Hello,
Since few weeks, i can’t renew few of my certs who have the same domain.
I have this message: “There were too many requests of a given type :: Error creating new cert :: too many certificates already issued for exact set of domains”.
And when i check one of this, i see a lot of certs:
Hi @baptiste,
You didn’t give too much info but seems the renews follow a pattern (once on Tuesday, twice on Wednesday, twice on Thursday and once on Saturday) and so on… you shoud check if you have a task, cronjob, etc. in your server and review what the automated command does because it is not checking whether the certs need to be renewed, it is renewing them always.
Good luck,
sahsanu
Hi @sahsanu,
Thanks for your reply. Indeed, I have a crontab every monday who try to renew all certs who gonna expires.
I just came to disable this cron.
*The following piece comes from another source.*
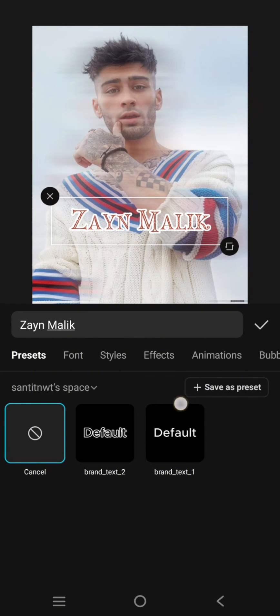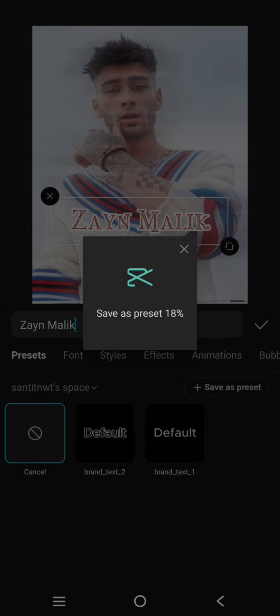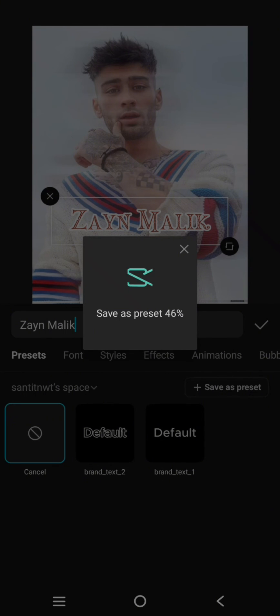Then there's an option to save as preset. Click on that. Now CapCut will save the text you create as the preset, so later when you edit your video or photo again, you can use this preset.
When i will be able to renew my certs ?
Wich info do you need ?
Have a nice day.
You're demonstrably creating certificates twice a day, though, not just on Mondays.
It's actually recommended to check twice a day, not once a week, but only to check twice a day, not to create unnecessary certificates.
Please fill in the rest of the help information.
Please fill out the fields below so we can help you better.
My domain is:
I ran this command:
It produced this output:
My web server is (include version):
The operating system my web server runs on is (include version):
My hosting provider, if applicable, is:
I can login to a root shell on my machine (yes or no, or I don't know):
I'm using a control panel to manage my site (no, or provide the name and version of the control panel):
None of the certs you are showing in the screenshot have been renewed on Monday so, are you sure this is the only cron job running in your server? If it is, are you sure it is running only every Monday?.
You should already have your certs renewed. I don't know if the certificates showed in the screenshot are for the same subset of domains but next Tuesday seems a good date to be able to renew them.
Cheers,
sahsanu
In my crontab i have:
0 0 * * 1 /scripts/renewCerts.sh >/dev/null 2> /var/log/cron.error.log
My script renew and send an email with the output of the script.
I use certbot, it’s can be him who try to renew ?
Thanks
What does /scripts/renewCerts.sh do
Edit:
Have you ensured that no other cron jobs or systemd timers exist?
And the other information requested?
Hello,
renewCerts.sh doing this:
#!/bin/bash
tmpFile=/tmp/renewCert.tmp
if [ -f $tmpFile ]; then
rm $tmpFile
fi
certbot renew --post-hook “/usr/sbin/service nginx reload” > tmpFile 2>&1
sed -i 's//
/’ tmpFile
tmpContent=(cat tmpFile)
renewed=(cat tmpFile | sed '1,/:/d' | sed ' d’ | sed ‘s/^[ \t]//;s/[ \t]$//’)
/usr/sbin/sendmail -F “letsencrypt@$HOSTNAME” -f “LetsEncrypt” -t “who@host.ext” << EOM
Subject: [LETSENCRYPT] Renouvellement des certificats
Content-type: text/html; charset=utf-8
<h1>Résumé :</h1>
<p>$renewed</p>
<br>
<h1>Détails :</h1>
<p>$tmpContent</p>
EOM
if [ -f $tmpFile ]; then
rm $tmpFile
fi
I dont know wich jobs or systemd can try to renew.
Two days ago, i have disable renewCerts.sh in my crontab, but…
Have a nice day
So you definitely must have something else trying to get these certificates. It’s interesting to see that the issuance events happen at about two different times of day, around 23:00 or 10:00 UTC. (The certificate notBefore date will be set to one hour prior to the true issuance time to reduce problems for clients that have their time set incorrectly.)
What kind of software runs on this machine? Are you using any sort software like Caddy or cPanel that might include its own certifical-renewal code?
I haven’t any pannel, i use certbot standalone, nginx and crontab for automatization.
Can i see who try to renew ? By IP or by any other information ?
Thanks
@cpu, do you think we can give out any more information about that?
By the way, they actually succeed when they try, so they must have a considerable level of control over your domain name. 
I'm hesitant to give out specifics like IP addresses or email addresses. I can say the following:
www.web01.pixelads.fr domain (and other pixellads.fr domains)I'm not sure how to suggest @baptiste finds this certbot installation. It certainly seems like there is one that is going off-the-rails.
Thanks, that seems like useful information.
How many time i must wait to can renew my certs ?
If i remove certbot from my server during one week, i gonna haven’t any renew ? Can i keep my certs ?
This solution is the last one 
Thanks for all
Maybe you can look in /var/log/letsencrypt to see if you have evidence that Certbot is somehow still being run on this system? Every time it runs, it should create a new log file there.
After verification, since i have remove certbot from my server, i haven’t any renew.
How many time i must wait before i can renew ?
Thanks
up, exactly same issue here 
@baptiste, according to my calculations, you should be able to renew already. Of course, it would be great to understand why the previous unintended renewals were happening and where those certificates were going.